--- WORK INSTRUCTIONS ---
Copy nothing but the lines below running from the line containing "Kalix Municipality House" through the line containing "Snapshot of indian_rimmelx", both end lines included.

--- THE INPUT ---
■ ■ ■ ■

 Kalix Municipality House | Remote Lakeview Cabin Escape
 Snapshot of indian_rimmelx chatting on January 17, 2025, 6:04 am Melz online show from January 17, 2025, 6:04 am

■ ■ ■ ■

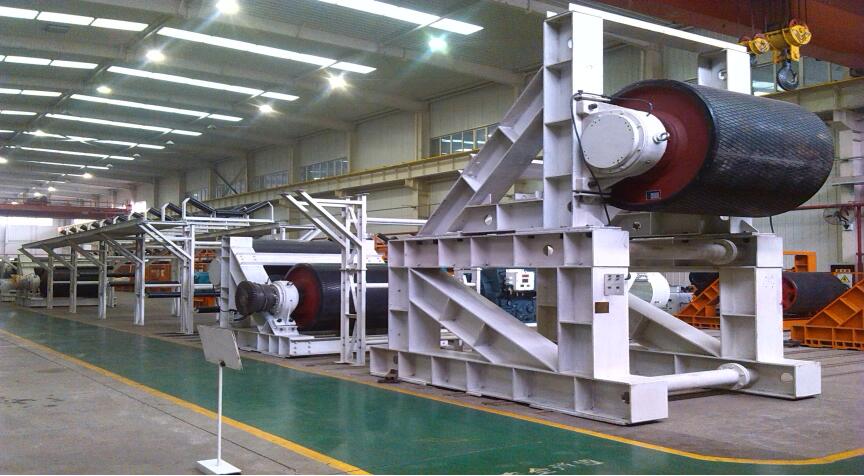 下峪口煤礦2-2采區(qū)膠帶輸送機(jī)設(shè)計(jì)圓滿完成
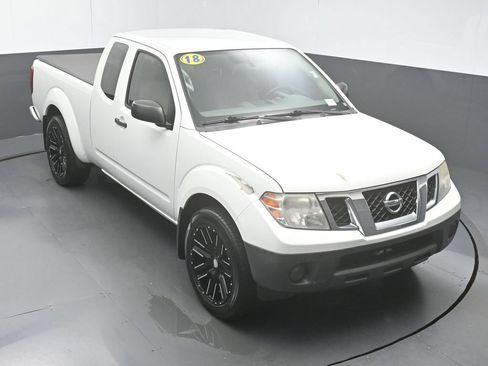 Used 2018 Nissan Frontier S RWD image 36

■ ■ ■ ■

--- RESULT OF THIS TASK ---
 Kalix Municipality House | Remote Lakeview Cabin Escape
 Snapshot of indian_rimmelx chatting on January 17, 2025, 6:04 am Melz online show from January 17, 2025, 6:04 am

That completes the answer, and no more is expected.